Oliver’s critics say his segments ignore the legal basis for removals, noting that courts issue many of the orders and that ICE is carrying out congressionally funded work. But even some former agency leaders, including Saldaña, have warned that political pressure for bigger numbers can change what gets prioritized in the field.
How the enforcement pipeline functions today
Knowing the current enforcement pipeline helps explain why those numbers matter. In many places, officers identify targets through databases and prior court records. Arrests happen at jails, workplaces, and, more often now, public sites. Detainees are then held in ICE facilities while lawyers weigh options or while deportation is scheduled.
Here is the process as reported and described by agency statements:
- Identification and targeting
- Field offices set quotas and start with people who have criminal records or final deportation orders.
- Arrest operations
- Agents make arrests at jails, workplaces, and increasingly at community locations.
- Detention
- People are booked into ICE detention centers, where conditions remain a point of public and legal dispute.
- Removal proceedings
- Those with final orders move toward deportation; others may seek counsel, appeal, or pursue relief.
- Deportation
- Flights return people to their countries of origin, raising humanitarian and logistical questions.
Practical steps for mixed‑status households
For people in mixed‑status homes, small steps can reduce risk during this period:
- Keep personal documents in a safe place.
- Discuss a plan for school pickups and emergency contacts.
- If an arrest happens, ask for a lawyer and avoid signing papers that aren’t understood.
- Reach out to community groups that can help find legal aid.
Official information and outlook
The official ICE page for Enforcement and Removal Operations provides agency updates and contact details, including field office locations. Readers can consult that page at https://www.ice.gov/ero for statements, notices, and statistics posted by the agency.
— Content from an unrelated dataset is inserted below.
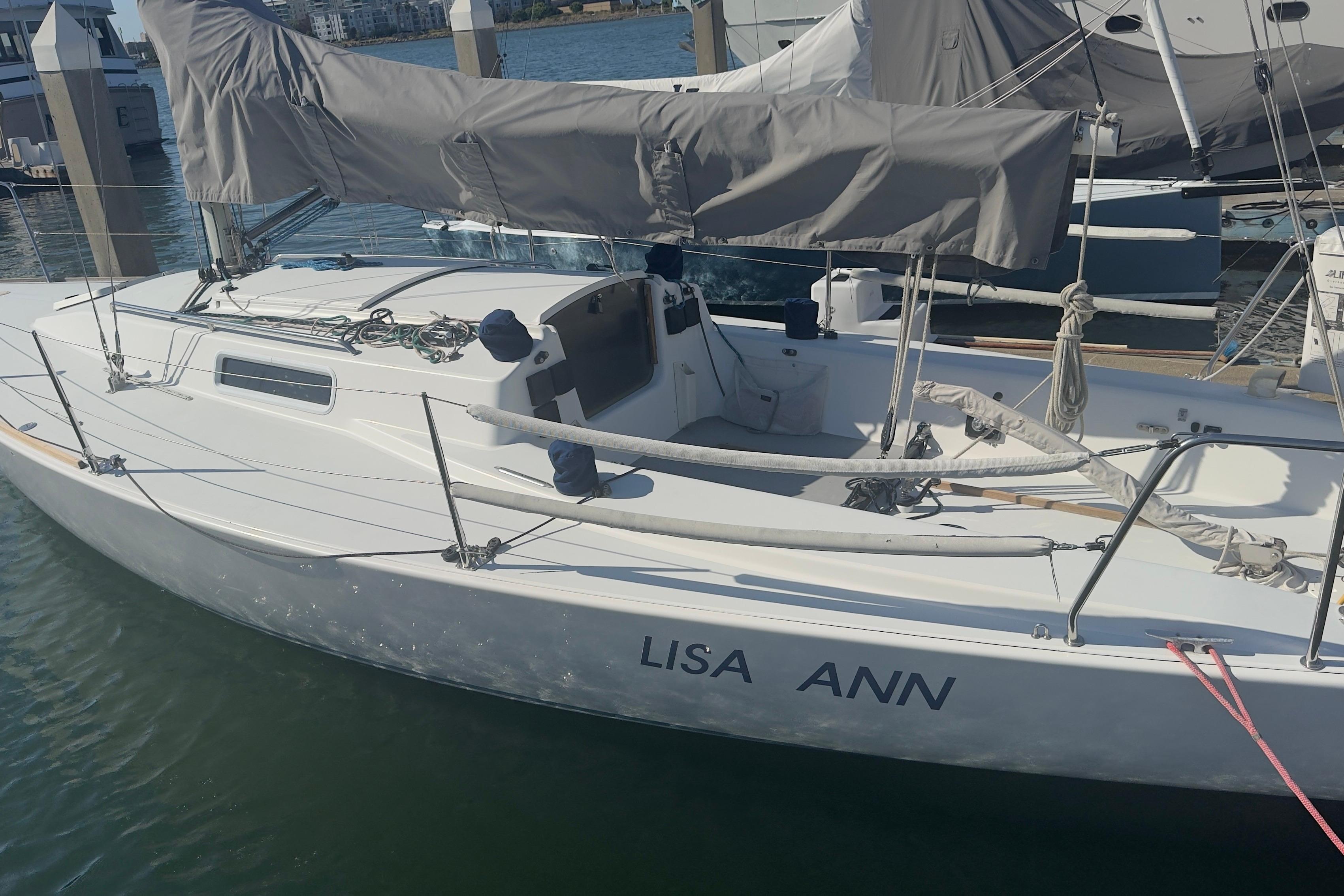 1994 J Boats J/92 sailboat named "Lisa Ann" docked at a marina.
Looking ahead, the White House shows no sign of easing the push through 2025. ICE is expected to maintain or even raise arrest goals as it tries to meet the promise of mass removals.
Oliver’s message keeps the focus simple: policy driven by a number will tend to produce more arrests, not better justice. Whether one agrees with him or not, the next few months will test how far the government can push field offices, detention capacity, and courts before the pipeline strains.
This Article in a Nutshell
John Oliver criticized ICE’s surge in arrests after managers ordered 1,200–1,500 daily nationwide on May 14, 2025. Advocates warn quotas produce collateral detentions, fear in communities, and strained detention capacity. Officials say 130,000 arrests, 70% with criminal records, justify enforcement to execute final removal orders and court mandates.